The Strategy (and Art) of Refine
OpenRefine is a unique data wrangling tool that presents a flexible interface unlike traditional spreadsheets or databases. With Refine you typically don’t know what the data issues are or the methods needed to fix them–instead, like solving a puzzle, the art of Refine is an iterative process of exploring, testing, and transforming. Before diving into writing expressions to transform data, let’s look at general strategies for using Refine that will apply no matter which functions we use.
Know Your Data
- Explore your columns and values – is there a data dictionary? Is there relationships between columns? Is there processing contexts that help explain current state? (e.g. data source from OCR, web harvest, or database exports)
- Identify data anomalies and challenges – are there outliers that don’t make sense? Outliers in specific contexts? Inconsistent formats, unnecessary white space, extra characters, typos, incomplete records, multi-valued cells, etc… (e.g. use All column facets or text length facet to check string fields)
- Record a Coherence Check – what is your expected number of rows? Always keep this number in mind as you work through the project.
Filter and Subset
- Don’t try to find The One solution to fix values in every row. Be pragmatic in applying a variety of transformations for the different issues represented in the column.
- Isolate groups of values in a column that need similar transformations using filters and facets on multiple columns.
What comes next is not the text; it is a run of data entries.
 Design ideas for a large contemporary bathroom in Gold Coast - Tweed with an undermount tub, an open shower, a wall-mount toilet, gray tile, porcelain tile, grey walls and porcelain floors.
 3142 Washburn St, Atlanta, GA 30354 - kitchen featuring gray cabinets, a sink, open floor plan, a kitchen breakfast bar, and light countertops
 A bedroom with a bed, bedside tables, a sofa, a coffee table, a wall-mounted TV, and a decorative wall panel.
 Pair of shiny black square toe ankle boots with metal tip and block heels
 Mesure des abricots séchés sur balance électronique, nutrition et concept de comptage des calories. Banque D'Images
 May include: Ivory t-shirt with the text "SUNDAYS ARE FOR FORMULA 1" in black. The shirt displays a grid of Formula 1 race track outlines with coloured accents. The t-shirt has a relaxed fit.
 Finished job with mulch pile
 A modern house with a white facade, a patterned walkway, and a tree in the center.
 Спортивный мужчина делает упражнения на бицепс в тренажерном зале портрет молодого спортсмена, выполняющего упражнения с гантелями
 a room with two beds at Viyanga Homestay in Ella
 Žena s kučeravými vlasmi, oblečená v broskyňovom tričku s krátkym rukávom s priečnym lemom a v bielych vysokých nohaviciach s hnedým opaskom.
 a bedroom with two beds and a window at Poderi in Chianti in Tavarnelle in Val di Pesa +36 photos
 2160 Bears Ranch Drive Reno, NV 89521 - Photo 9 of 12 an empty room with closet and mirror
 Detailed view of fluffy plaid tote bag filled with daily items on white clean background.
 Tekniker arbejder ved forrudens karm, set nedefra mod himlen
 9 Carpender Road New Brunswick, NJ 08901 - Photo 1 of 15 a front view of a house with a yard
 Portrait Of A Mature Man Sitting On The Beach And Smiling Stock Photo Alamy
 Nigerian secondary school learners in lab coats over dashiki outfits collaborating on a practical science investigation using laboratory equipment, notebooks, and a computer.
- Use stars and flags to build up more complicated subsets with some manual intervention. Create a column to record the grouping (true/false or name it).
Create New Data
- Add new columns when transforming. Check against the original values.
- Add temporary columns and values to hold useful information.
- Work through multiple step transformations–create what you need for the transformation, don’t worry about the final output shape until your data is clean.
(just remember, you generally can’t create new rows, unless you are breaking apart values in existing rows)
Organize
- Export your data or project regularly, and name the files following a convention.
- Save your operation history in a text file for reference (not in a Word doc).
- If necessary subset and export, then recombine later.